Virginie était maintenant à côté de la Skoda, il était plus que temps de lever le camp. Je l’ai trouvée un peu plus reposée, un peu plus présente dans son corps. Certainement un peu mieux dans sa tête, donc. Elle n’était pas beaucoup plus bavarde que lors de notre premier trajet, encore souvent perdue dans ses pensées. J’aurais aimé avoir trouvé du temps pour discuter un peu avec elle, autrement que de chauffeur à cliente. J’avais croisé Antoine ces derniers jours, qui se disait ravi du petit défilé régulier des résidents de l’auberge à sa ferme. Et qu’il avait apprécié la présence et l’assistance régulière et inattendue de Virginie. Un petit soulagement, une rupture dans son train-train habituel, le plaisir de pouvoir discuter un peu avec une personne qui partageait les mêmes faiblesses que lui pour ces animaux. D’ailleurs, je l’avais chambré un brin, Antoine, en lui disant que je le trouvais bien plus causant qu’à l’accoutumée.
Sur la route, j’ai dû sortir de mes gonds une ou deux fois, parfois exagérer sur l’accélérateur et quelques dépassements sur des lignes blanches. Mais c’était ça où je risquais bien de lui faire louper son train. Ça ressemblait à un gros complot routier, aujourd’hui, du départ de l’auberge, jusqu’à la dépose de la gare de Bourg-en-Bresse. Mais mission accomplie. Virginie montait bien dans le train sans avoir à changer de réservation. Et moi, il ne me restait plus qu’à me trouver un coin tranquille pour me poser.
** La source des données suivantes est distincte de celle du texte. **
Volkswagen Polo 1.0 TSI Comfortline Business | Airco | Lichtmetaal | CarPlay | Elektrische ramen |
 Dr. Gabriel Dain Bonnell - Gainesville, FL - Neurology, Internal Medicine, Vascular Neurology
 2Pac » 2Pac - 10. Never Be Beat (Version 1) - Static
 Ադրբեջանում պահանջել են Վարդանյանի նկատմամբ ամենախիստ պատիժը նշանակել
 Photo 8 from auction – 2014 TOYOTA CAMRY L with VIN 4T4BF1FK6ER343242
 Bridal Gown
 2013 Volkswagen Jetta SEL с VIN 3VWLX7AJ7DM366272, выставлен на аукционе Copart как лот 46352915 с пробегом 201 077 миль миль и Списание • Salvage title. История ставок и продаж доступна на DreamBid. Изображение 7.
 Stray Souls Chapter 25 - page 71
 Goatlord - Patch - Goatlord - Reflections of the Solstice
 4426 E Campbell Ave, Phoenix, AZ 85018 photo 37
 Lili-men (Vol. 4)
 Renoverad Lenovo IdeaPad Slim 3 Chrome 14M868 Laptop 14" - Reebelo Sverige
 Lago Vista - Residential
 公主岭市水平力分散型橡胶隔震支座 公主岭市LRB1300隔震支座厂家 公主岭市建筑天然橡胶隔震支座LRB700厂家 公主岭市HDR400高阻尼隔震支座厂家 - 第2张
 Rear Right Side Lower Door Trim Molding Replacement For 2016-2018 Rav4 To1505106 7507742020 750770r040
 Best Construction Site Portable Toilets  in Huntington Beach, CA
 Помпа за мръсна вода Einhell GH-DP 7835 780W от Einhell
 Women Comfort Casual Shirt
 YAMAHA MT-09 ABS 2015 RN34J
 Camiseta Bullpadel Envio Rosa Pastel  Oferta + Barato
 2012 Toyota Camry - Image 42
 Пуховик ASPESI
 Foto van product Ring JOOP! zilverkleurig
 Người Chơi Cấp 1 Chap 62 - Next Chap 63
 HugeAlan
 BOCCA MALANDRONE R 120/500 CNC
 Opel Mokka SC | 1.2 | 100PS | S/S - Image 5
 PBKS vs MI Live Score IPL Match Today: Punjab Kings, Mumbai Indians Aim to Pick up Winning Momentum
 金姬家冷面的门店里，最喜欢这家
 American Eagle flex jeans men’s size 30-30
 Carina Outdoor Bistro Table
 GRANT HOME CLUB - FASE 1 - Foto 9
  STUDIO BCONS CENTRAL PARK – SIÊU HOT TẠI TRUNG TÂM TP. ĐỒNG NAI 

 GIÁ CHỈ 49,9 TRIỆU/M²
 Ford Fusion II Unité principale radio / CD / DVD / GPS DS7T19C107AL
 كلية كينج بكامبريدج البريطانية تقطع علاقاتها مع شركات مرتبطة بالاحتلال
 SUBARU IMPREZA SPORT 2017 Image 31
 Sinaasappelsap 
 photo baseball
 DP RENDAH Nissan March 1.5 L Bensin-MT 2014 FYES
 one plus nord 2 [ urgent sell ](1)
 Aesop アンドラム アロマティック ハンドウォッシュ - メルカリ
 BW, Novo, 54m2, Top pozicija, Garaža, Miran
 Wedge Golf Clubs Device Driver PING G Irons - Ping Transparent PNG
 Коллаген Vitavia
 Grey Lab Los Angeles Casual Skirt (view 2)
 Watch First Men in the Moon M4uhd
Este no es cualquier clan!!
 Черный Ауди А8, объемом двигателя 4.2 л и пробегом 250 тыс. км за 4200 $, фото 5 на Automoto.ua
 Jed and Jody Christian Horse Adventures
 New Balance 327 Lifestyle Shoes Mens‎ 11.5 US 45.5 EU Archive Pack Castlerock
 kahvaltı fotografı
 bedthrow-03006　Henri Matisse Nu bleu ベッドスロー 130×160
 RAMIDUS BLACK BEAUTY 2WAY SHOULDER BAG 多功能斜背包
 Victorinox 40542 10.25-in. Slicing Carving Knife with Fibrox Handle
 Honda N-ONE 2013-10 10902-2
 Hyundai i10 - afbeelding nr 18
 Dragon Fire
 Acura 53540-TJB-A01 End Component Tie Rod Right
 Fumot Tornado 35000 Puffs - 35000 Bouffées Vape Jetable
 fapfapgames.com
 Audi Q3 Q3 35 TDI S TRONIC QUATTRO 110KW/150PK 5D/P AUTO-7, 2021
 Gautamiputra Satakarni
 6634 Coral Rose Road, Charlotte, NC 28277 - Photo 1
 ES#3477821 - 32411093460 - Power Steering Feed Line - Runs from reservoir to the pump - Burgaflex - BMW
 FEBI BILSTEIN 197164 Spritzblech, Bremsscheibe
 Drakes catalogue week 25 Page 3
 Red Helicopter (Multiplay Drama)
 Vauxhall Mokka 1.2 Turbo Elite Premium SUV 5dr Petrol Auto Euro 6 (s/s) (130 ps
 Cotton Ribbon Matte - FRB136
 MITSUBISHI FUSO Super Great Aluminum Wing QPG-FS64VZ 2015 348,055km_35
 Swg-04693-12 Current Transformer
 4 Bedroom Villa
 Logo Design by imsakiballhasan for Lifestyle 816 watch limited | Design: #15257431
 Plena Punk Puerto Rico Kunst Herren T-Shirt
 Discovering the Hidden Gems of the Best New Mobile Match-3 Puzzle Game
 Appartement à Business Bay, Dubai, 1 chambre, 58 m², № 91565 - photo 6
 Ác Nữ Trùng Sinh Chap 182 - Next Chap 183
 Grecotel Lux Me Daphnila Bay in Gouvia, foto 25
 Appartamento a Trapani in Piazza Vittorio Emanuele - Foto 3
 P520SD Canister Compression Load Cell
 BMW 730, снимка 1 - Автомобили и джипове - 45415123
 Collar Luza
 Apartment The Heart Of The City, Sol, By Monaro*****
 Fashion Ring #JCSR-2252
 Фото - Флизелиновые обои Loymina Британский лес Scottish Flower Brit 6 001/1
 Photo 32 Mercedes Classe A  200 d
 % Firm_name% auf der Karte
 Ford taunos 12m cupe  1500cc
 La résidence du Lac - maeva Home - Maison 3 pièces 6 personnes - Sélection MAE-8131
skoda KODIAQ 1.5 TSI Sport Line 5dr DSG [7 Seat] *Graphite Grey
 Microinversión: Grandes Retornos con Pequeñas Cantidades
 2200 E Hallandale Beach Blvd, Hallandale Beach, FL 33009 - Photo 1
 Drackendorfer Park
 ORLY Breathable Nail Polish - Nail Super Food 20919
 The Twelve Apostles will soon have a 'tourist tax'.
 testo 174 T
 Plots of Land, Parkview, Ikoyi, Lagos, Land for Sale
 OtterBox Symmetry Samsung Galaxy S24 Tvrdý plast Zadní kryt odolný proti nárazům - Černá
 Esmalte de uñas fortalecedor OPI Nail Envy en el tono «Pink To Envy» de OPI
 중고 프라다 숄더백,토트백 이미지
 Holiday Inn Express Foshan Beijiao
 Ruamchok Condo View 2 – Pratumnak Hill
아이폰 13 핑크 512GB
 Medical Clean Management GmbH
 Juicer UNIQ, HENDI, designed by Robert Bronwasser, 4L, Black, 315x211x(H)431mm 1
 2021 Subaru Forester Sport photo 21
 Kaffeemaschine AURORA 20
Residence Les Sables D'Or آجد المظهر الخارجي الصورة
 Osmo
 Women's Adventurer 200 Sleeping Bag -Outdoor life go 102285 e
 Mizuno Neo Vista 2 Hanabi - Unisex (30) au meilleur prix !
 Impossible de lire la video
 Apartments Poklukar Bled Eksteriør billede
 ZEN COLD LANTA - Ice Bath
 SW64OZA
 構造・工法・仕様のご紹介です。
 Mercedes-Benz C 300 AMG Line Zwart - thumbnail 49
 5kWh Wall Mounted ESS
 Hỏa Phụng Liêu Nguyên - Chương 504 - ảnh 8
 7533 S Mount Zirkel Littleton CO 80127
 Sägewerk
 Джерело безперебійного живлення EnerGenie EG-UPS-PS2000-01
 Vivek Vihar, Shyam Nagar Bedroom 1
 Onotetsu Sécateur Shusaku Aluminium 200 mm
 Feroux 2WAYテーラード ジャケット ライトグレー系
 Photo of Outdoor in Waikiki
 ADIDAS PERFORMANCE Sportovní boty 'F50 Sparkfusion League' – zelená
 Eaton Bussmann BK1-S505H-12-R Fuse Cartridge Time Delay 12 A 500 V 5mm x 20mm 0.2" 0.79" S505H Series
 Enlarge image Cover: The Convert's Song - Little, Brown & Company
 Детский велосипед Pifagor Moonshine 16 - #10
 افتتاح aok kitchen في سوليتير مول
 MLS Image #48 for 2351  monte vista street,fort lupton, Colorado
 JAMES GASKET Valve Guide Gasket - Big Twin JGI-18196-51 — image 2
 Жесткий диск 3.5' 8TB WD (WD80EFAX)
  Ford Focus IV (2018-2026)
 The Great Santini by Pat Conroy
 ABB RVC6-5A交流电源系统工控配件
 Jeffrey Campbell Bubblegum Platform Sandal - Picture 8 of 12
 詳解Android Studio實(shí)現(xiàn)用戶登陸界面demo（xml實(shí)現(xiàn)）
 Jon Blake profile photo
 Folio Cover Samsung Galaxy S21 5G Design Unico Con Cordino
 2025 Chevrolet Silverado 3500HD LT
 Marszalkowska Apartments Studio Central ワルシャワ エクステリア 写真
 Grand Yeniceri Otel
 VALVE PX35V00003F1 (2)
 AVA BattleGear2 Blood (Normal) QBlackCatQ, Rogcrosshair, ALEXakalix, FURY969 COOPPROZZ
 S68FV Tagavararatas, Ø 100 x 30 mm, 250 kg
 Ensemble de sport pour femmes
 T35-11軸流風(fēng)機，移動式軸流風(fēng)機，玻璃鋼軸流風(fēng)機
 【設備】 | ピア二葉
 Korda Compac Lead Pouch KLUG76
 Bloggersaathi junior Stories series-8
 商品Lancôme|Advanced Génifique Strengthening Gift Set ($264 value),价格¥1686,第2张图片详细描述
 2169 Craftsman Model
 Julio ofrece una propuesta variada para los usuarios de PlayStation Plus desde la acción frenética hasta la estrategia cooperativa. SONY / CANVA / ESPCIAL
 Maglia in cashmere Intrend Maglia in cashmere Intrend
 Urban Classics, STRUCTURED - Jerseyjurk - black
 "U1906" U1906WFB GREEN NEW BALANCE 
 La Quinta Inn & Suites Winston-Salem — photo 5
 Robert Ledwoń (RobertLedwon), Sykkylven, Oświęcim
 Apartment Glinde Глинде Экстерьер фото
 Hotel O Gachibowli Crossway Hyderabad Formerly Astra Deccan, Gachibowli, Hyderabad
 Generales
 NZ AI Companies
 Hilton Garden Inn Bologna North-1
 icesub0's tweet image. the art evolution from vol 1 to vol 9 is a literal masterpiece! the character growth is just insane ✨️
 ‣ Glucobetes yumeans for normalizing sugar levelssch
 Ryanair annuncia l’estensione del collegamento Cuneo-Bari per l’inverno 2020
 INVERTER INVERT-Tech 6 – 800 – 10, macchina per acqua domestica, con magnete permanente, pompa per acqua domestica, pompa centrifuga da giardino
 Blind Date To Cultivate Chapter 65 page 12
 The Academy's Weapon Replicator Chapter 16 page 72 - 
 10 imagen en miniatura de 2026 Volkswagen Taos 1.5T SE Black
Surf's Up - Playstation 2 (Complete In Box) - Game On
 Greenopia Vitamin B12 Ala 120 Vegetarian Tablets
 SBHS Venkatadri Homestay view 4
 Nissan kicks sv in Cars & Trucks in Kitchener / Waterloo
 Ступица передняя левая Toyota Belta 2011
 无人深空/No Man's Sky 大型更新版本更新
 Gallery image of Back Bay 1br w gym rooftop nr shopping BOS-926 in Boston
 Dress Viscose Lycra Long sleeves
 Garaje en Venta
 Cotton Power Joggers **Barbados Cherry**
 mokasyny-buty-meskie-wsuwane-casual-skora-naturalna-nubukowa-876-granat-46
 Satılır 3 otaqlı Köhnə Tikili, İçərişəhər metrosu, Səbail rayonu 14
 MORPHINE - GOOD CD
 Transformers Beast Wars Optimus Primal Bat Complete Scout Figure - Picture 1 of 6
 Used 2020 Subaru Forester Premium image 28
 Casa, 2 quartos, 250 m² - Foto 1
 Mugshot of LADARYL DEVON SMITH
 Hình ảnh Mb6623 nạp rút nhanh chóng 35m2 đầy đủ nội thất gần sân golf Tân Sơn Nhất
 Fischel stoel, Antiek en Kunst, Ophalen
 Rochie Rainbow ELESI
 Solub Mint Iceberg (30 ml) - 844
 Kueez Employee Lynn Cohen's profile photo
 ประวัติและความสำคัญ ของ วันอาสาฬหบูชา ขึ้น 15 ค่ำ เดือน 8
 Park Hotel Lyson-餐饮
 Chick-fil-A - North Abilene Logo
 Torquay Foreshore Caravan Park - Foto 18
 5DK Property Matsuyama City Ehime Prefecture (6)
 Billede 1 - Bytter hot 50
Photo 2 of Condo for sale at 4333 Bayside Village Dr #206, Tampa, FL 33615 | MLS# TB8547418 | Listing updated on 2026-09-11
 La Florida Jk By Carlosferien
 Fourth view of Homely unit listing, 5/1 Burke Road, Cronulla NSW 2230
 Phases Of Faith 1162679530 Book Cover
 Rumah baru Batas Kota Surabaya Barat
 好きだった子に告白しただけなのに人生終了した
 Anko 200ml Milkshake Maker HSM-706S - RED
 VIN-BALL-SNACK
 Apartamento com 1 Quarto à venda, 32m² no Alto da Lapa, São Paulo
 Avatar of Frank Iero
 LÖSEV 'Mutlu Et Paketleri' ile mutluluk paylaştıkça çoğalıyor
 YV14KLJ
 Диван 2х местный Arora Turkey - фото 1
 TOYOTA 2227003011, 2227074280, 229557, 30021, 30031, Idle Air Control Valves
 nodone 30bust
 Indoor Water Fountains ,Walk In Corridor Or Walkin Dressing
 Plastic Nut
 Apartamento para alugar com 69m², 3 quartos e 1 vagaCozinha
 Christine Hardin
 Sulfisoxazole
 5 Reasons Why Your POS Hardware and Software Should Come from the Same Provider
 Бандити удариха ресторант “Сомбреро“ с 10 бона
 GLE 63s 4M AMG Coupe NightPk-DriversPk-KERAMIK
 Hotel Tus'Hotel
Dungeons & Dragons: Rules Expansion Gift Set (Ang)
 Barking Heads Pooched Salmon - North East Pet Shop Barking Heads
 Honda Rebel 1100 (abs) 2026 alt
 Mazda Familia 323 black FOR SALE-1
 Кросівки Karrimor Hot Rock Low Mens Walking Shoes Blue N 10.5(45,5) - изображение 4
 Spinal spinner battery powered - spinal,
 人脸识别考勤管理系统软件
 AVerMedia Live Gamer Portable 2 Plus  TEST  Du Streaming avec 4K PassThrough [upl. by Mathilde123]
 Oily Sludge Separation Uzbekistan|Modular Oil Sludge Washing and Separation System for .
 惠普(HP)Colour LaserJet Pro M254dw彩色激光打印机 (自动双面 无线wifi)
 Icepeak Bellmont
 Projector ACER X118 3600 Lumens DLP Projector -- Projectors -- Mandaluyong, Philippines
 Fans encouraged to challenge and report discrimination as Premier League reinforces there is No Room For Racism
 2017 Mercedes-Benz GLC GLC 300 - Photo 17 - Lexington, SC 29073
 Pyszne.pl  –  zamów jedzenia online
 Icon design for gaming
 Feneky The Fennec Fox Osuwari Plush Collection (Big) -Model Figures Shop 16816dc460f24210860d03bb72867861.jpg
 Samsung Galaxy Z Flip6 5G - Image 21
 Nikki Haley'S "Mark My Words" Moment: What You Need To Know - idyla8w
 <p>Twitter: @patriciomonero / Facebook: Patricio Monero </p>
Écrire un peu dans le carnet, déjeuner, lire quelques pages, jusqu’à l’arrivée de cette fameuse surprise
.
J’étais tranquillement appuyé sur la portière passager de la Skoda, venant tout juste d’éteindre une cigarette, qu’en levant la tête en direction de la sortie des arrivées, je la vis apparaître.
Je n’en croyais pas mes yeux.
Elle était là.
Elle était revenue.
1 Commentaire de Sacrip'Anne -
Héhéhé ! Ça nous met du baume au cœur à tous !
2 Commentaire de Tomek -
https://www.youtube.com/watch?v=ot-… <3
3 Commentaire de Avril -
On croise aussi les doigts pour que le test soit concluant et que les fils se renudent au plus vite. ;)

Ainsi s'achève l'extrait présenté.